ZACHARY Buxton was up against it before he was even born.
His mother was a heavy drug and alcohol user during her pregnancy in 1988.
His father introduced him to cannabis when he was five, and the boy was a daily user by the age of 10. He started using amphetamines daily when he was 11, and was a daily heroin user when he hit adolescence at 13.
At 5.30pm on Anzac Day, 2014 when Buxton confronted two women on Beaumont Street, Hamilton, produced a knife and said “Bags, ladies, please”, the 25-year-old had been in and out of jail and juvenile detention for a decade, and had an appalling criminal record.
But the NSW Court of Criminal Appeal on Monday quashed a Newcastle District Court judge’s maximum jail sentence of nine years and five months for the crime and imposed a maximum sentence of six years and five months jail term, after ruling the original sentence was manifestly excessive.
Two of the three appeal court judges found the District Court judge’s sentence overstated the seriousness of the Hamilton offence and gave insufficient regard to Buxton’s background, including that his adult illicit drug use stemmed from being given cannabis by his father at just five, and more serious drugs from 11.

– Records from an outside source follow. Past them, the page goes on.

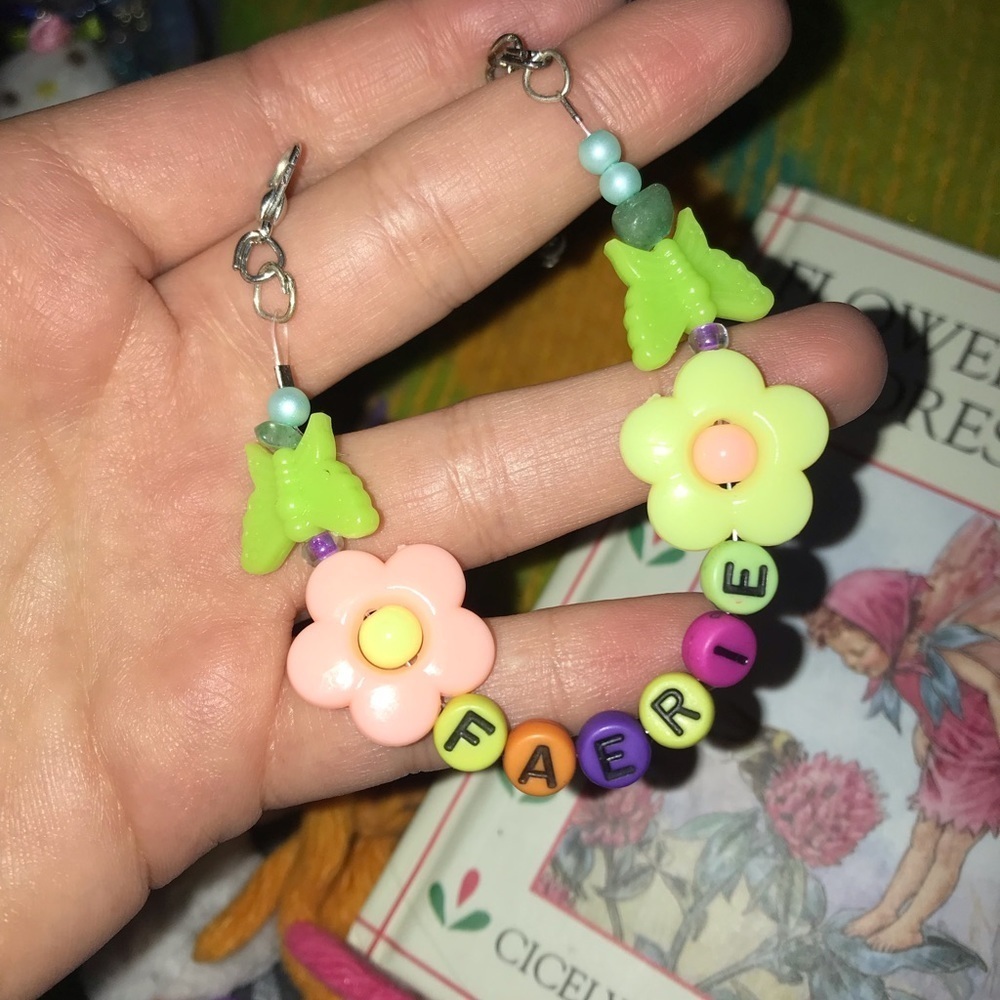FLOWER + FAIRIES ADDRESS BOOK + FAIRY BRACELET fairycore - Picture 4 of 8
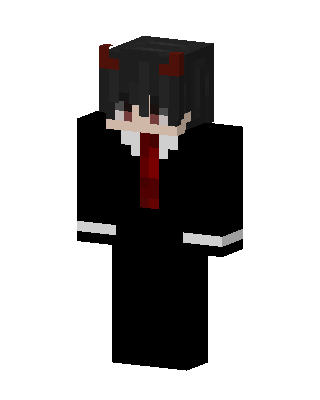 Demon Boy Suit skin, 3D preview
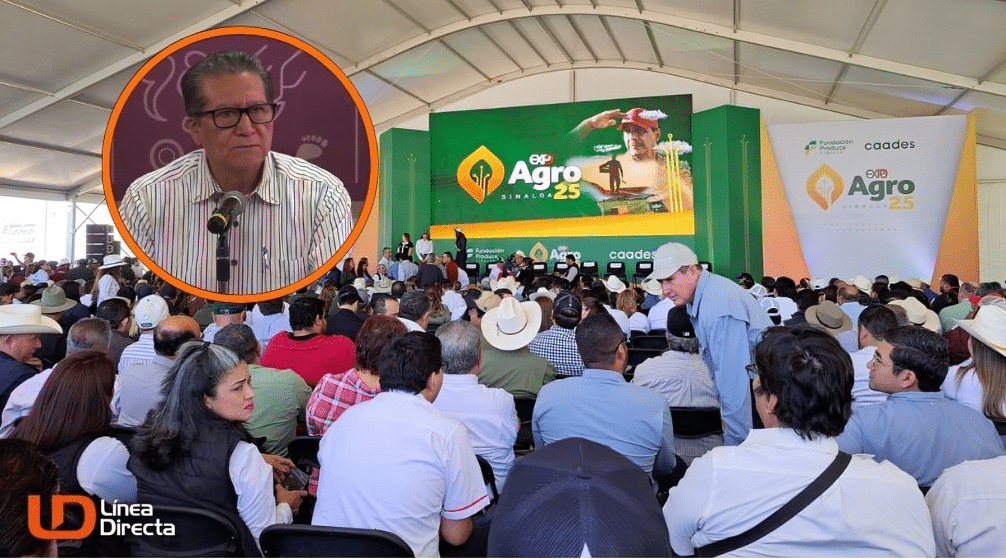 Expo Agro (fondo), Feliciano Castro (circulo)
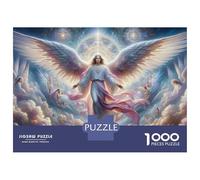 Rompecabezas para Adolescentes De 1000 Piezas Heavenly Angel Wings Rompecabezas para Adultos Juego De Ingenio Patrón De Ensamblaje Cumpleaños Y Navidad 38x26cm/1000pcs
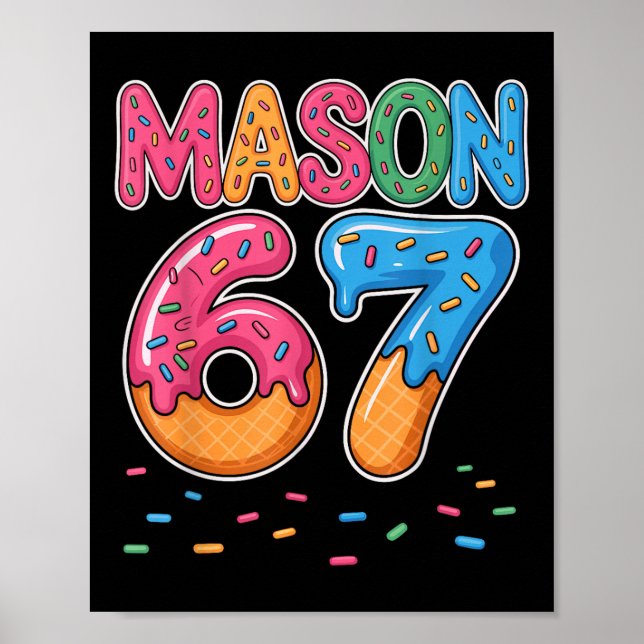 Poster Sorvete Drip Mason Seis Sete 6 7 Gíria Gen Alpha (Frente)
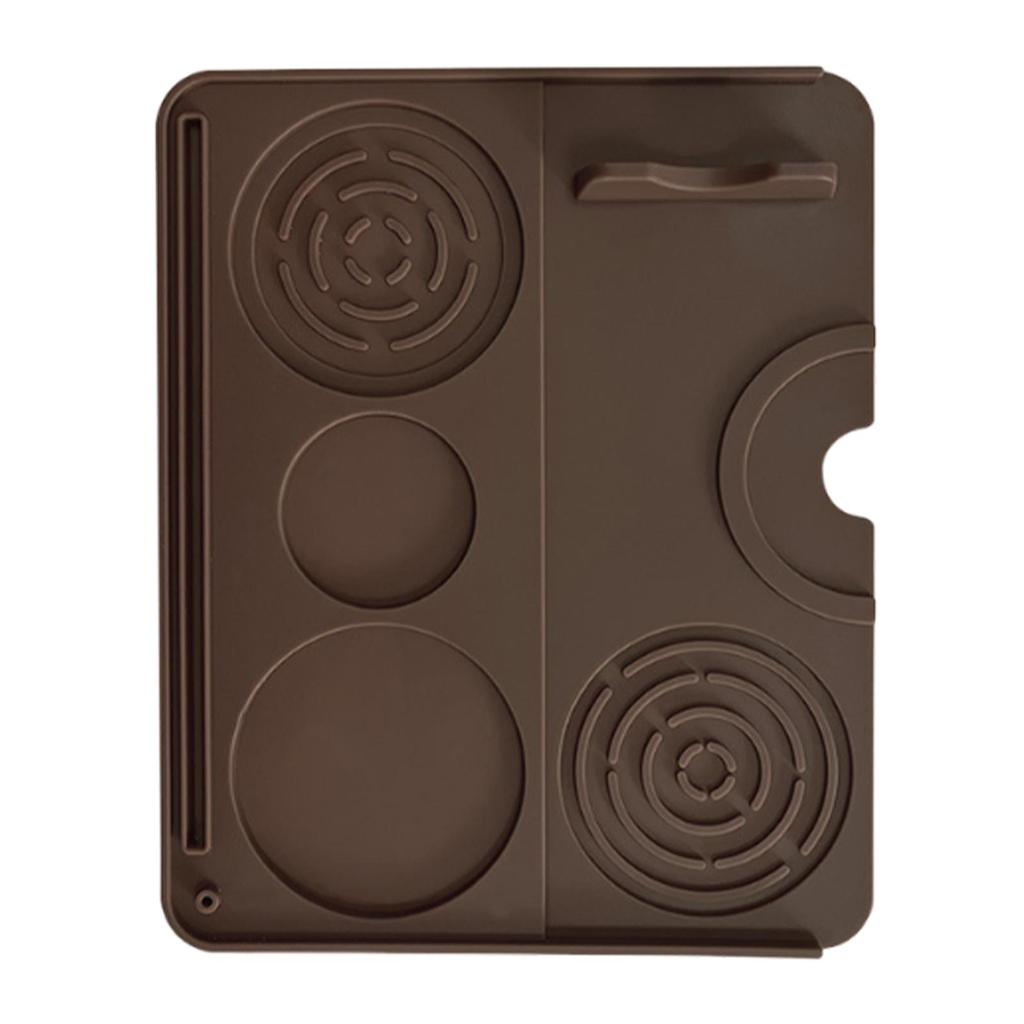 Espresso Tamper Mat Silicone Tool Tamp Station Mat for Counter Bar Office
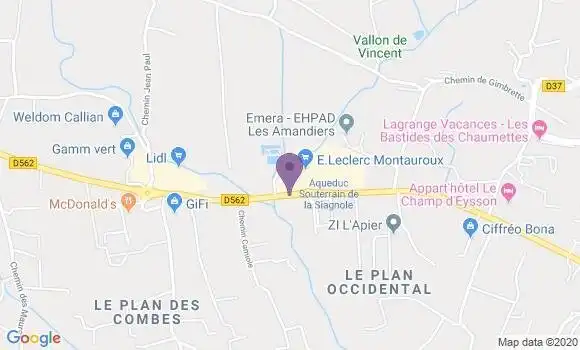Localisation Caisse d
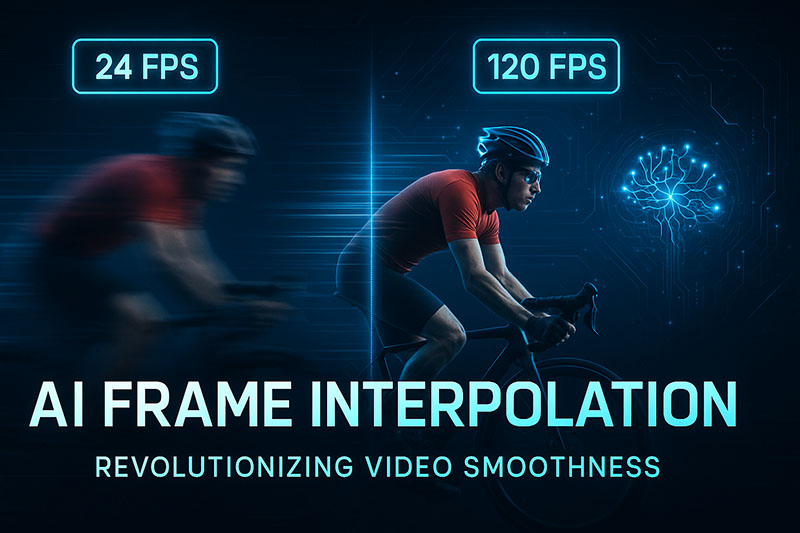 ai frame interpolation for smoother video playback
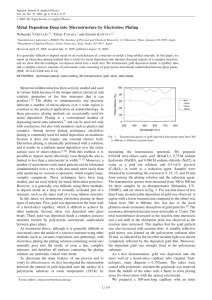 Metal Deposition Deep into Microstructure by Electroless Plating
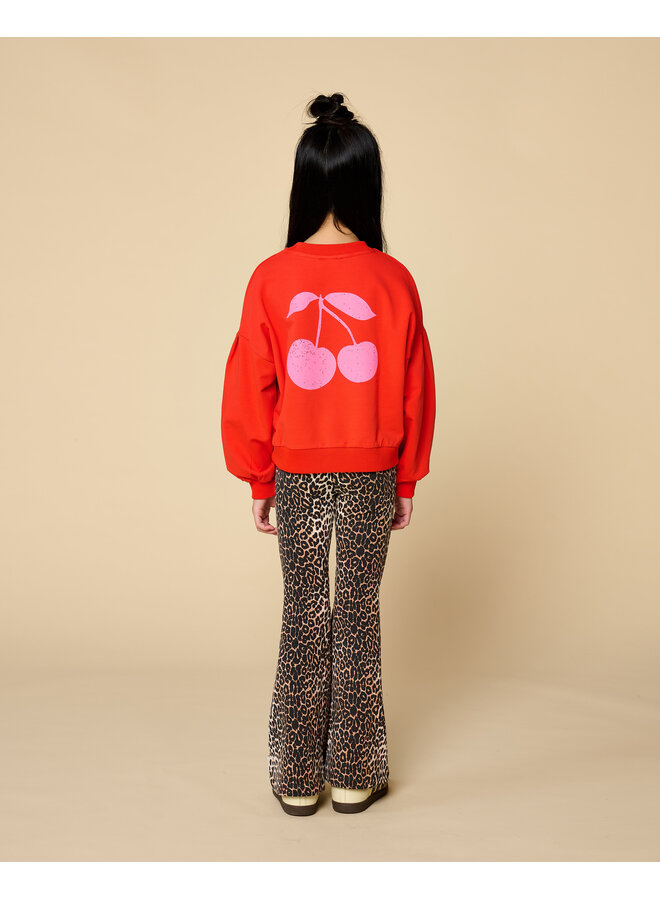 Petit Blush - Bowie flared pants - Leopard AOP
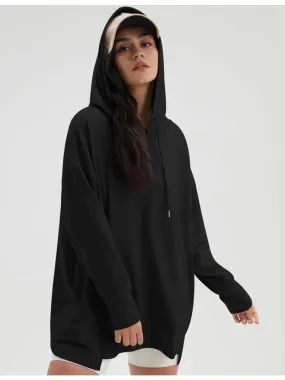 Oversized Hoodie with Pocket - Long Sleeve Loose Pullover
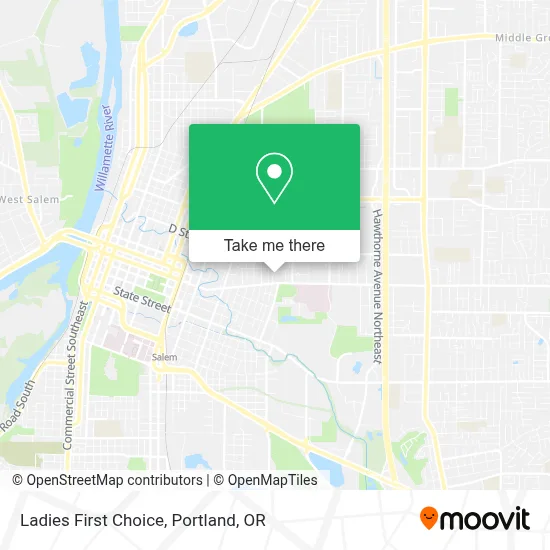Ladies First Choice map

The nine year and five month sentence was generally reserved for more serious offences armed robbery offences by people with criminal backgrounds similar to Buxton’s, Court of Criminal Appeal Justices Tom Bathurst and Michael Walton found.
Buxton was wearing a black hooded jumper when he approached the women, and produced a 15-20cm long knife when he was about a metre from them.
One of the women ran across the road screaming “Help” while the other threw her bag at Buxton before she also ran across the road.
Three men chased Buxton who dropped the woman’s bag and ran off. He was later picked up by police and charged. He was on parole when he attempted the bag-snatching, after three years’ jail for an aggravated robbery on a train in which a man was stabbed in the stomach.
The court heard Buxton started offending when he was 15, and had three armed robbery convictions on his record.
He also had serious drug-related mental health issues and posed a “significant risk to the community” because of an inability to understand his hopes of living a “lawful lifestyle” was not possible because of a cycle of illicit drug use and criminal offences.
During sentencing in 2015 Newcastle District Court Judge Peter Berman said both Buxton and the community would benefit if he gave up his “life of drugs”.
Justices Bathurst and Walton said it was significant that Buxton was introduced to drugs at just five years of age and experienced significant emotional neglect as a child.
Buxton’s earliest release date is April, 2018.